Williams went on to earn his master's degree before being named the commanding officer of a transport squadron at CFB Trenton, where he would graduate to the commander of a secret logistics outfit believed to be based in Dubai that supported military operations in Afghanistan.
His security clearance rating was top secret.
Then, in 2008, Williams began breaking into homes and stealing women's and girls' underwear — in one case taking 186 pieces of clothing. Sometimes he would take photos of himself in the homes masturbating.
The photos were discovered on the computer he shared with his wife. The stolen clothing was also found in the home, catalogued in minute detail.
The court heard that twice his collection of stolen clothing became so large that he had to burn it in an Ottawa-area field.
Meanwhile, no one was wiser about his criminal activities.
By July 2009, Williams was sworn in as CFB Trenton's wing commander — in charge of Canada's largest and most important military air base.
Only two months later, he had committed his first sexual assault after blindfolding a terrified young mother, taking photos of her as her baby slept nearby.
The next assault was on a woman who lived only several doors down from his home. In public, he told people his wife was spooked by the attack. Suspicion fell on a neighbour who was ostracized by the community until the colonel's arrest months later.
'You're going to kill me, aren't you?'
By November, his crimes had moved to a new level of horror.
Corporal Marie France Comeau was under William's command at CFB Trenton. The pair had only met once, although the colonel noted she said she lived alone.

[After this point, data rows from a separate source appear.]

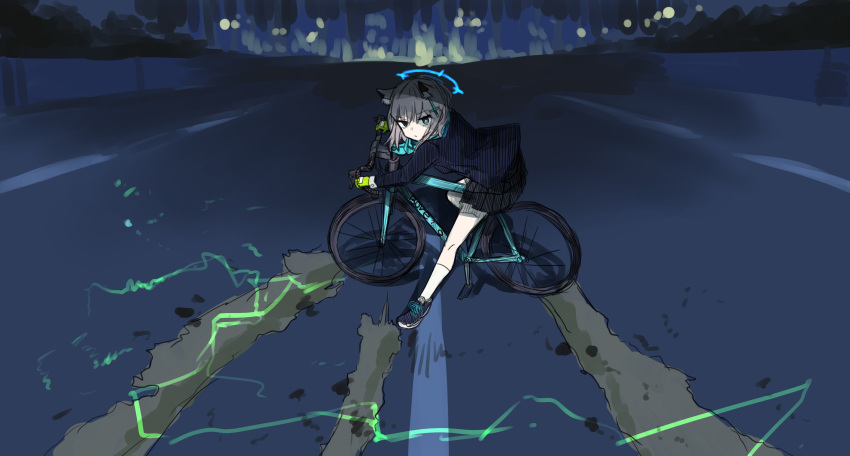 1girl absurdres aimpoleume akira akira_slide animal_ear_fluff animal_ears bangs bicycle blue_archive blue_eyes blue_jacket blue_scarf breaking cat_ears city cross_hair_ornament eyebrows_visible_through_hair full_body gloves green_gloves grey_hair ground_vehicle hair_ornament halo highres jacket kneehighs long_sleeves looking_at_viewer medium_hair night parody pleated_skirt riding_bicycle scarf school_uniform shiroko_(blue_archive) shirt shoes skirt sneakers solo white_legwear white_shirt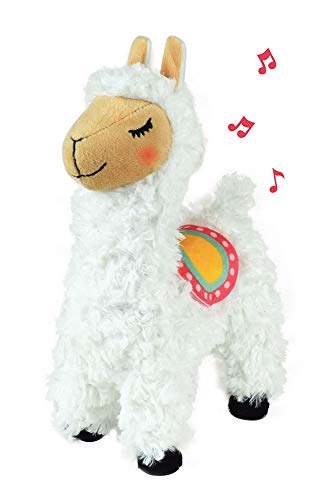 Jemini 023782 LOLA LE LAMA 26 cm musikalisch und Leuchtend Plüschtier mit Musik und Licht, weiß von Jemini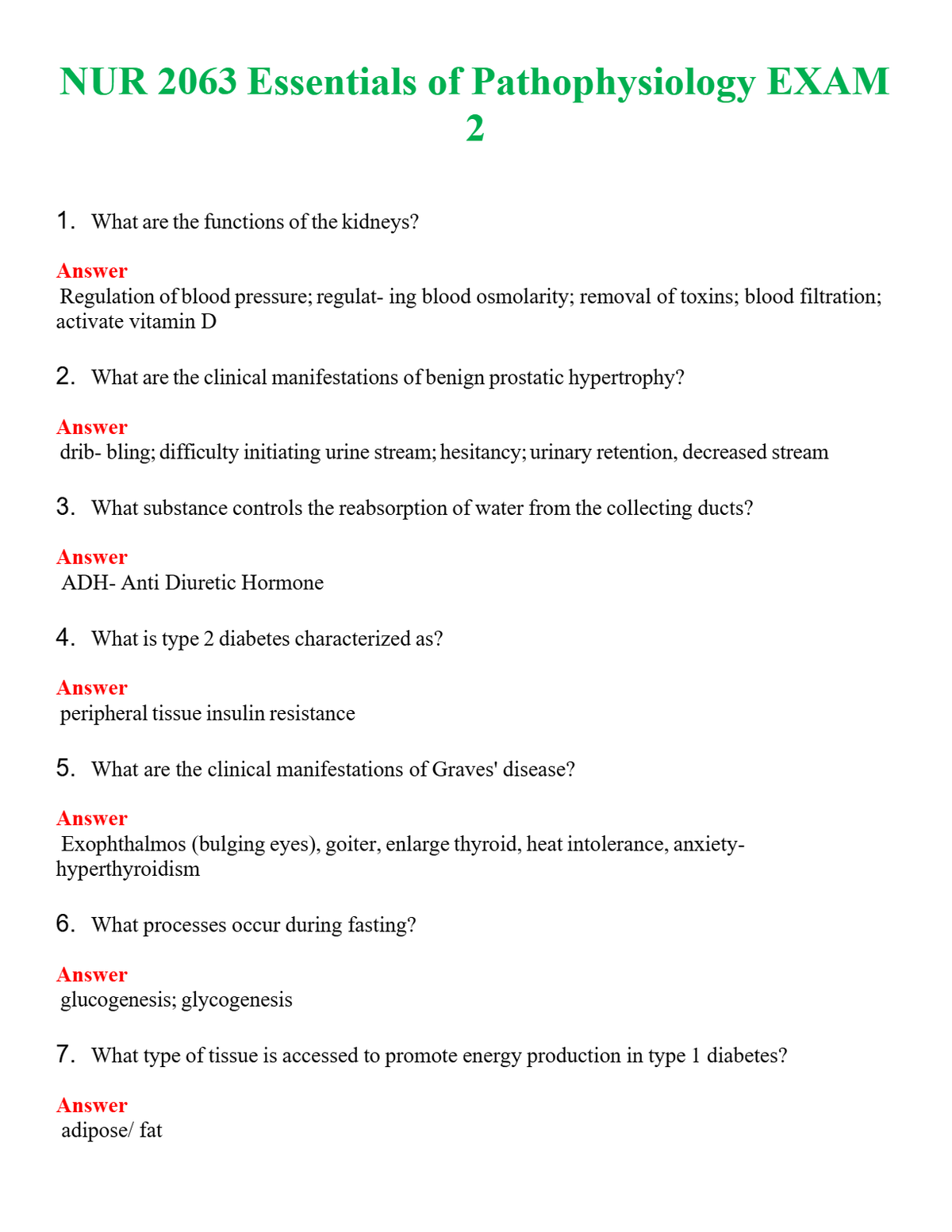 NUR 2063 ESSENTIALS OF PATHOPHYSIOLOGY EXAM 2 | ALL Q&AS BRAND NEW GUARANTEED A+++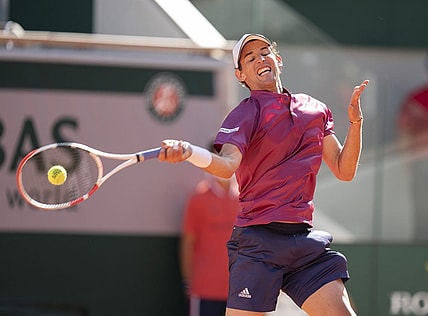 May 30, 2021; Paris, France; Dominic Thiem (AUT) in action during his match against Pablo Andujar (ESP) at Roland Garros Stadium. Mandatory Credit: Susan Mullane-USA TODAY Sports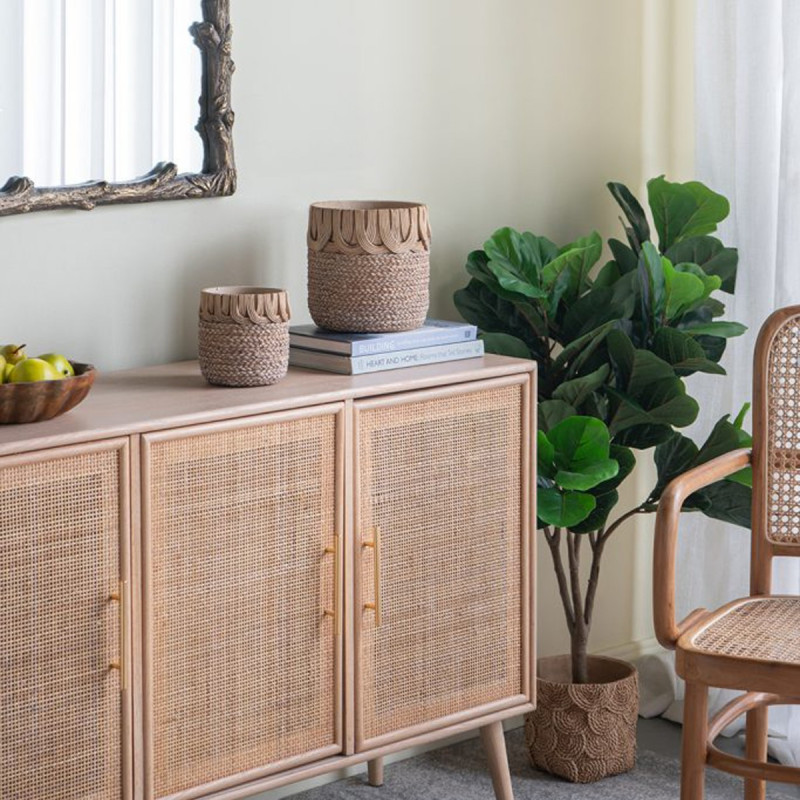 Artekko Artekko Cement Καφέ Τσιμεντένια Κασπώ (20x20x20)cm 2pcs C8404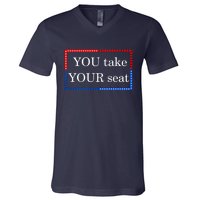 You Take Your Seat Anti Biden's Cue Cards V-Neck T-Shirt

That November, he broke into her house and took photos of himself in her underwear. A week later, Comeau arrived home, and in a search for her cat, she found Williams masked and hiding behind her furnace.

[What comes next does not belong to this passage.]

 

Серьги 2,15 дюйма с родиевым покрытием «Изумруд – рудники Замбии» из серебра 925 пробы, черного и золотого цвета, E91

He was armed with a bag full of plastic zip ties, a camera, duct tape and a flashlight he repeatedly struck her head with.
Williams then secured the home, dragged Comeau upstairs and assaulted her for several hours as she pleaded for her life. All the time, he recorded it on camera.
"You're going to kill me, aren't you?" she asked Williams near the end of the attack, the court heard. "Have a heart, please. ... I want to live."
Instead, he covered her nose and mouth with duct tape. She suffocated to death. He then took more photos.
Before leaving Comeau's home, he bleached her bed sheets, covered her with a duvet and took several pieces of lingerie.
Her boyfriend later found her body.
Ironically, on the same day, Williams was handcuffed and thrown in "jail" as part of a United Way fundraiser.
A week later, as CFB Trenton commander, Williams sent Comeau's father, a military veteran, a condolence letter.
Three months later, Jessica Lloyd disappeared.
'If I die, will you make sure that my mom knows that I love her?'
On Jan. 27, 2010, Williams saw Lloyd, 27, on a treadmill through her home window.
A text she sent to a friend the next day was the last anyone heard from her.
The next day, Williams waited in Lloyd's backyard for her to fall asleep. Once inside her bedroom, he bound her and forced her to model lingerie as he took photos and taped himself sexually assaulting her.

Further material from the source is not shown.